La consapevolezza che ci fosse qualcuno, dietro di lei. In qualche modo la tranquillizzava.

Forse fu per questo che trasalì quando vide Ryan venire a sedersi accanto a lei. Non lo aveva sentito muoversi. Era silenzioso come un gatto.

Le piacevano i gatti. A differenza dei cani erano abbastanza autonomi – non che avesse qualcosa contro i cani, semplicemente non facevano per lei.

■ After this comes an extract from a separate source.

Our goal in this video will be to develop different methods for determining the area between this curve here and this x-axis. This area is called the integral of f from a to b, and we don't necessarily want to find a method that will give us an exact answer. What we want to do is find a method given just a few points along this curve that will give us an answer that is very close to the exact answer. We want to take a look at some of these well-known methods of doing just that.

Chissà, magari si sarebbe presa un bel gatto. Le avrebbe fatto compagnia. La sua casa era così vuota quando non c'era Luc.

Uno tutto nero.

O forse no, portava male.

Uno tutto grigio. Grigio come la polvere, come le ombre.

Voltò il viso.

Ryan la stava guardando.

La stava studiando. Per la prima volta.

Aveva gli occhi verdi. Gli occhi di Lory.

E i capelli rossi. I capelli di Strawberry.

Di Pam non aveva nulla.

O forse sì?

Aveva la sua forza e la sua determinazione. Non era un caso che quelle due andassero d'accordo.

Gli sorrise.

Aveva il sorriso di Pam.

Ma poco importava.

Lei non era nessuna delle tre.

Lei era solo Rose.

Distolse lo sguardo.

«Io lo so qual'è il tuo problema, sai?»

Ryan alzò gli occhi al cielo. «A sì? E quale sarebbe?»

 

«Mamma! Mamma! Vieni anche tu!» chiamò Joy dal ramo su cui si era arrampicata.

«Dai mamma!» le fece eco Flo.

«E va bene.» acconsentì la madre spiccando un salto e aggrappandosi ad un ramo per poi issarsi su. «Scommessa che sono la prima che arriva in cima?»

«No! Vinco io!»

Paddy arrivò per prima, era ancora troppo vivace per poter adottare la filosofia “far vincere i bambini”. Tra le tre, era un'impresa decidere chi fosse la più piccola.

«Io sono sempre convinto che potrebbero cadere da un momento all'altro,» commentò Tart «ma ogni volta rimangono aggrappate ai rami. Secondo me hanno le ventose.»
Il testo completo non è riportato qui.